J’ai démarré en fait le 2 janvier 1983 parce que je n’étais pas très bon commerçant ! J’étais tout prêt à ouvrir fin d’année 1982 mais j’ai pensé que c’était mieux de laisser passer un peu la vague des fêtes de Noël pour ouvrir tranquillement après… Comme quoi j’avais bien compris ce qu’était le commerce ! Bon, c’est pas mal comme vision et j’étais persuadé en plus d’avoir raison ! (rires)

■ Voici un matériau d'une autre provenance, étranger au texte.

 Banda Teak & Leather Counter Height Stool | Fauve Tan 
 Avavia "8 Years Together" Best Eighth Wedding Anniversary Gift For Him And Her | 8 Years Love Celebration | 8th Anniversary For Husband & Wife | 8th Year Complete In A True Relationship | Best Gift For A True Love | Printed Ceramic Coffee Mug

J’ai démarré complètement en amateur, ne connaissant rien à ce métier, étant un gros lecteur « geek » achetant et lisant énormément depuis déjà des années. J’étais toujours en parallèle à la fac parce que j’avais un poste de pion et c’est ce poste de pion qui, entre guillemets, me faisait vivre ! Et quand j’exerçais mon pionnicat, la librairie étant ouverte, c’est ma maman (Ginette NDLR) qui venait me remplacer et c’est ce qui explique qu’elle a été très vite de l’aventure ! De cette façon elle m’a donné aussi un peu d’oxygène parce que dans le vieux Mans dans les années 1980, ce n’était quand même pas la foule et souvent l’après-midi on pouvait s’ennuyer de façon assez considérable !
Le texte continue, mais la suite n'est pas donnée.